Potassium-Channel Blocker: Class of medication used to treat arrhythmia. Potassium-channel blockers slow the electrical impulses in the heart by blocking the mechanism that causes the heart cells to react to potassium (potassium channel). Common potassium-channel blocking medications include amiodarone and dofetilide.

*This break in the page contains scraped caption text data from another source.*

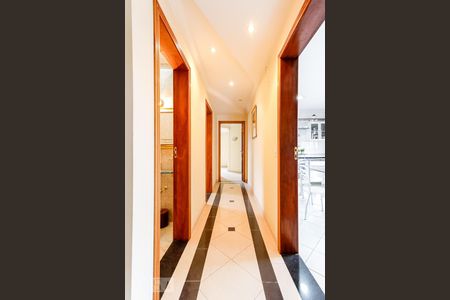 Casa à venda com 494m², 5 quartos e 6 vagas Casa à venda com 494m², 5 quartos e 6 vagasCorredor Quartos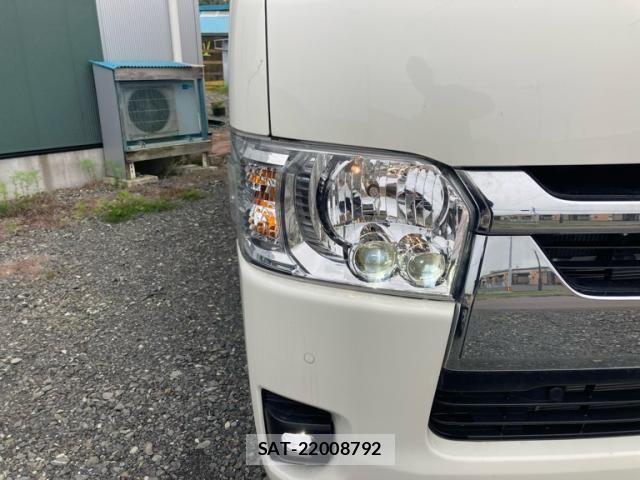 Toyota HIACE VAN 2025-04 8314689-14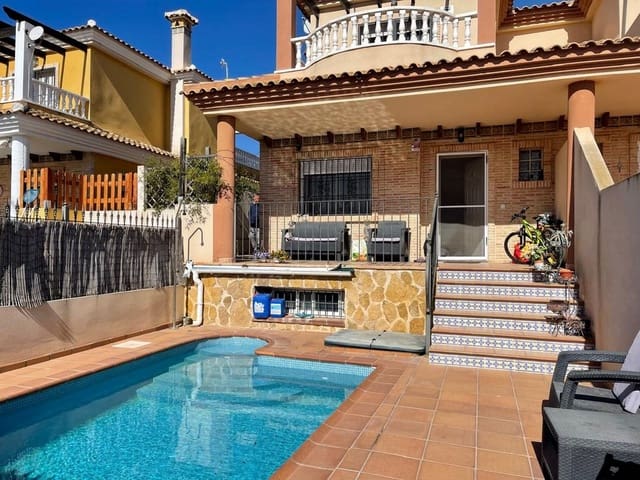 Chalet de 3 habitaciones en Los Alcázares en venta con piscina garaje - 255.000 € (Ref: 9359144)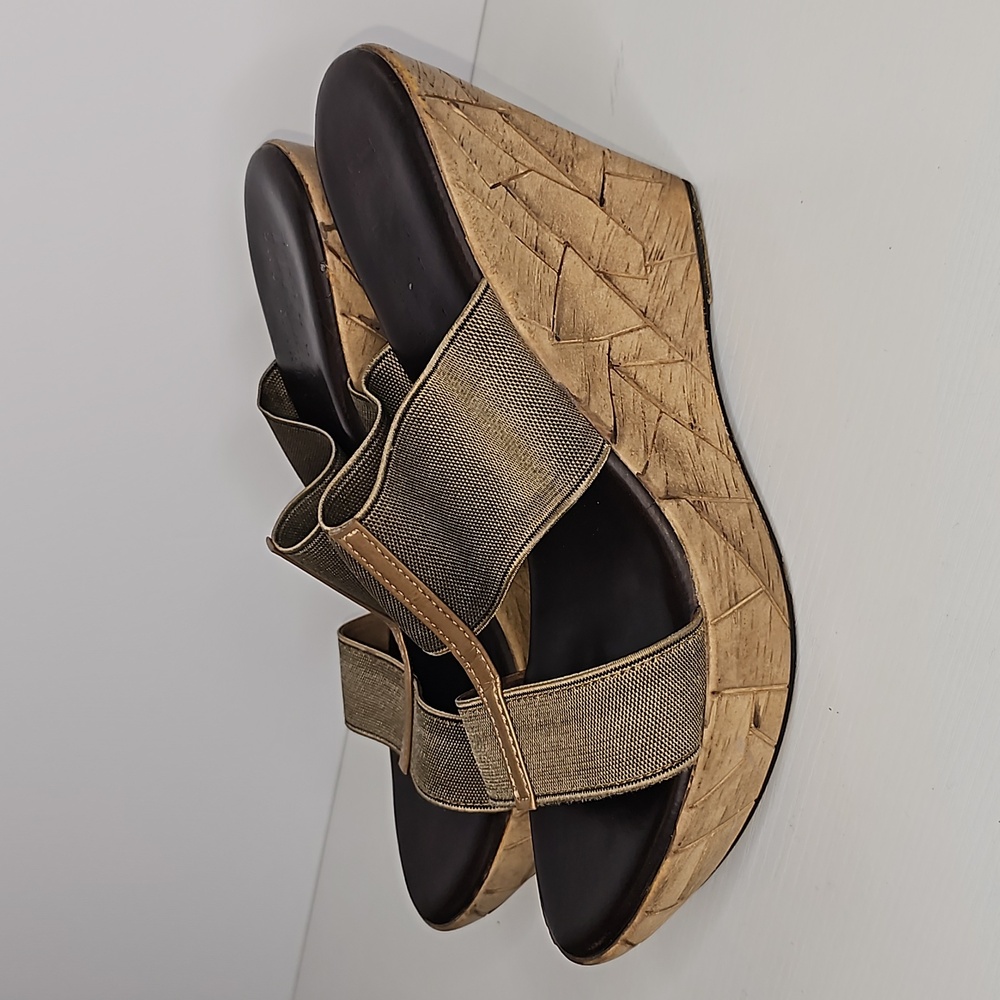 Yellow Box Tan / Gold / Copper Wedge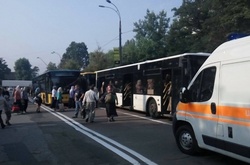 Це не «хресний хід», а хресна поїздка автобусами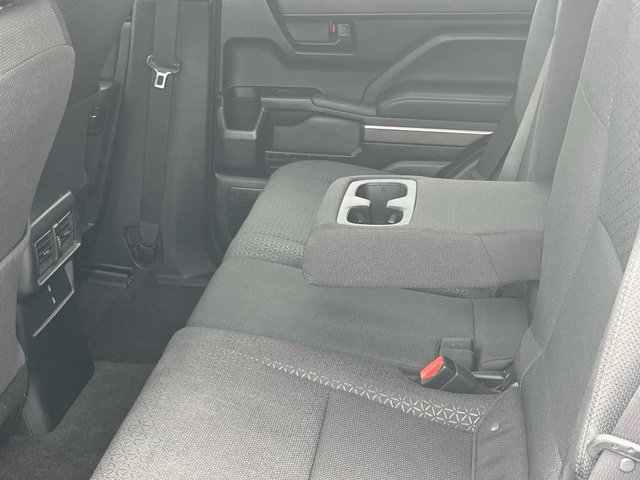 Used 2025 Toyota 4Runner SR5 AWD/4WD image 26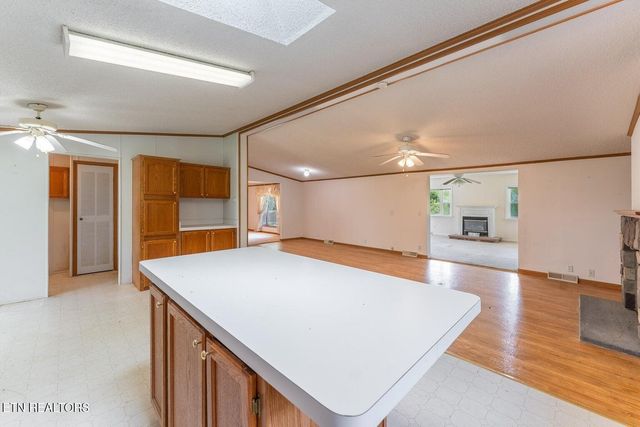 8620 Vandever Rd, Crossville, TN 38572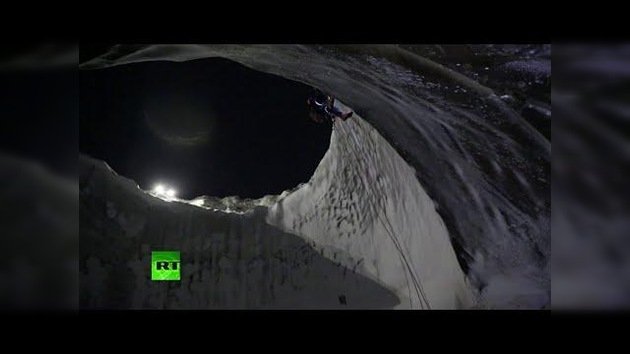 VIDEO: Científicos descienden al foso gigante de Yamal en Siberia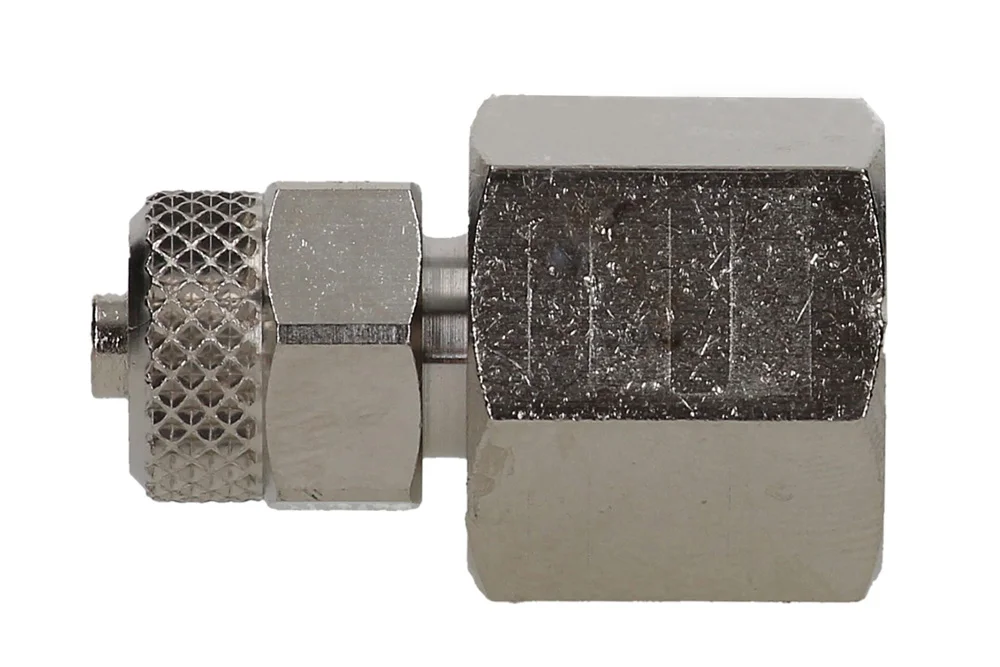 Twisted Pneumatic Hose Coupling with Female Thread, Type C2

Sodium-Channel Blocker: Class of medication used to treat arrhythmia. Sodium-channel blockers slow electrical conduction in the heart by blocking sodium channels. Quinidine, procainamide, disopyramide, flecainide, propafenone, tocainide, and mexiletine are examples of this class of medication.

Statins: A class of cholesterol-lowering medication. statins work to block the production of cholesterol in the body. This class of medications reduces the low-density lipoprotein (LDL) cholesterol and total cholesterol in the blood. Lower cholesterol levels help to prevent heart disease and plaque buildup in the arteries and help reduce the risk of heart attack and stroke. Common medications in this drug class include lovastatin (Mevacor), simvastatin (Zocor), rosuvastatin (Crestor) and atorvastatin (Lipitor).

Thrombolytic Agents: Class of drugs used to dissolve or break up blood clots. Treatment with a thrombolytic agent is called thrombolysis, and it can be given to patients having a heart attack or stroke. Common thrombolytic agents include streptokinase, tenecteplase (TNK), and tPA (tissue plasminogen activator).

Vasodilator: A class of drugs used to treat high blood pressure and congestive heart failure. These medications dilate blood vessels by relaxing the muscle in the vessel walls. Common medications in this drug class include nitroprusside (Nitropress) and hydralazine (Apresoline).